How much are you guys considering the emerging Reconfigurable HPC crowd? I would have thought that given your experience with the floating-point cores it would be right up your street.

Cheers,

Robin

(@Nallatech)

- B
- Ben Jones
  
  Contact options for registered users
Vote on answer
posted
18 years ago

Thu, Mar 23, 2006 11:26 AM

Hi Robin,

Same here. The safest thing for me to do is to say as little as possible. :-)

We've looked at quite a few algorithms for division and square-root operations, and how they map to the FPGA fabric. Mainly our conclusion at the moment is that more exotic approaches using hard multipliers don't tend to buy you anything in area or speed terms, and can often make the latency

*worse* (because of the pipelining requirements). We do endeavour to keep our eyes open, though.
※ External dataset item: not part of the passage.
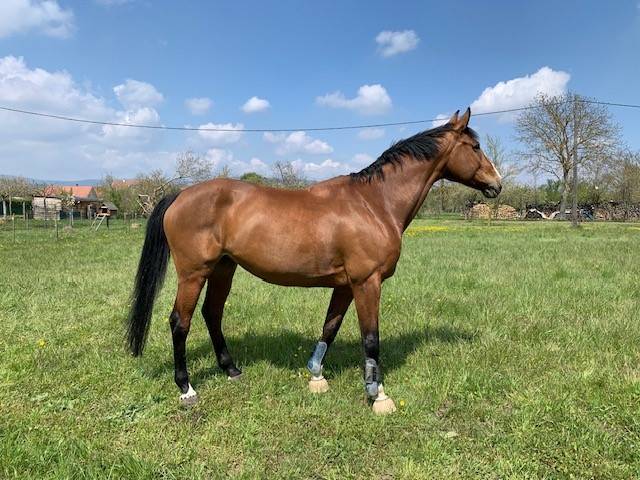 Pouliniere née en 2007 par allegreto 8 points pace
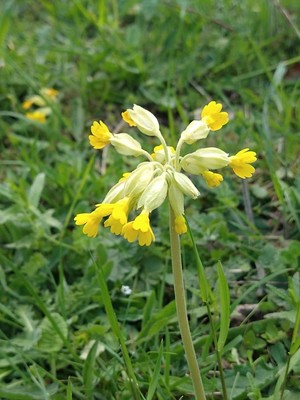 photo of Cowslip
Yes, there's a lot of configurability in there. The variable data rate/pipeline depth is the most complex feature (allowing you to choose between fully pipelined and fully sequential operation, or various options in between). The main issue right now is that SRL16 pipes are sometimes not being used when they should be.

Interesting that power consumption doesn't figure at all (probably makes #17, just below "looks attractive when viewed in FPGA editor" :-)).
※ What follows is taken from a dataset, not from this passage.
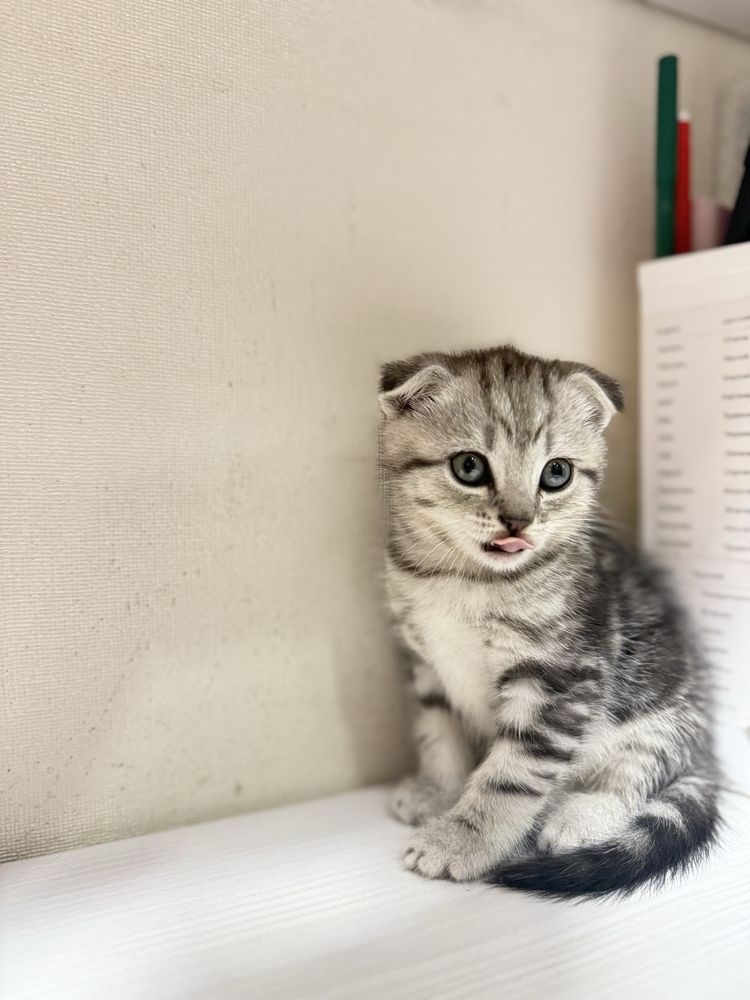 Шотландські кошенята , шотландские вислоухие котята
There's certainly a lot going on in this arena: most of the "early adopters" of FP on FPGAs seem to be attacking just these sorts of problems. You'll know all about the Edinburgh Parallel Computing Centre's "FPGA supercomputer" undertaking, of course (since our guys talk to your guys about it on a regular basis.)
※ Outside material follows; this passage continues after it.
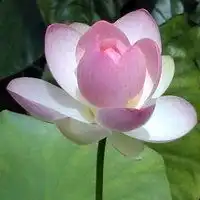 最新莲花图片唯美头像微信头像图片大全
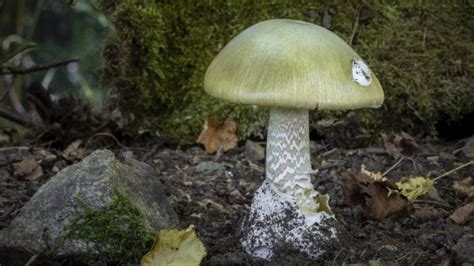 Scientists May Have Found An Antidote To The Death Cap Mushroom Explorersweb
Of course, now and then someone starts complaining that they're not seeing any revenue from these sorts of projects... but we try not to let that stop us! :)

Cheers,

-Ben-

- R
- Robin Bruce
  
  Contact options for registered users
Vote on answer
posted
18 years ago

Thu, Mar 23, 2006 12:13 PM

Cheers ben,

Well, it's true that power consumption isn't really keeping me up at night. I suppose it's because I'm envisaging this stuff in a workstation style environment. No matter how much the power the FPGA is consuming, I know it's still going to look good compared to the 100W+ commodity microprocessors consume.

Well, this has certainly been a model discussion for comp.arch.fpga! No flaming, no rattles being thrown out of prams and no interminable arguments about standards of English ;-)

Cheers,

Robin

- W
- Weng Tianxiang
  
  Contact options for registered users
Vote on answer
posted
18 years ago

Sat, Mar 25, 2006 12:15 AM

Brannon wrote: "I posted a few hours ago but it has yet to show so I'll try again. Most modern square root algorithms do multiple bits per clock cycle. There was a great paper out of Thailand (I believe) a few years back with a very simple square root algorithm that does two bits per clock cycle. I

was unable to locate the paper but I did find some C code I used to test it. Using it I was able to do a fine FP square root operator using

half the resources of Xilinx and having half the latency for both pipelined and unpipelined versions. I actually think I could cut the latency in half again if I worked at it and used just a few more resources to do two adds in a clock cycle. If anyone recognizes the C code below, please post the source! "

I have read the paper out of Thailand, but its credit should go to the algorithm inventors: Y. Li and W. Chu of The University of Aizu, Japan.

Please notice in paper of Thailand there is a serious typo in the algorithm in Fig. 1.

in the loop: R = R - ((Q

- R
- Robin Bruce
  
  Contact options for registered users
Vote on answer
posted
18 years ago

Mon, Mar 27, 2006 8:55 AM

Hi Brannon,

can you remember what clock rate you were getting on which architecture when you implemented this algorithm?

Cheers,

Robin

- B
- Brannon
  
  Contact options for registered users
Vote on answer
posted
18 years ago

Mon, Mar 27, 2006 5:10 PM

I just compiled the single-prec version of it at 150MHz on a V2 part speed -4. 166MHz just barely fails. I show it uses 490-522 slices (275 of which include LUT usage) depending on mapper settings and not counting registers on each end. It has a pipelength of 17 clock cycles: two bits per clock cycle plus a few for the left justification. For comparison, the double-prec version runs at the same speed and uses apx

1940 slices. In both cases, there are more than twice as many registers used as LUTs. The double-prec has a pipelength of 31 clock cycles.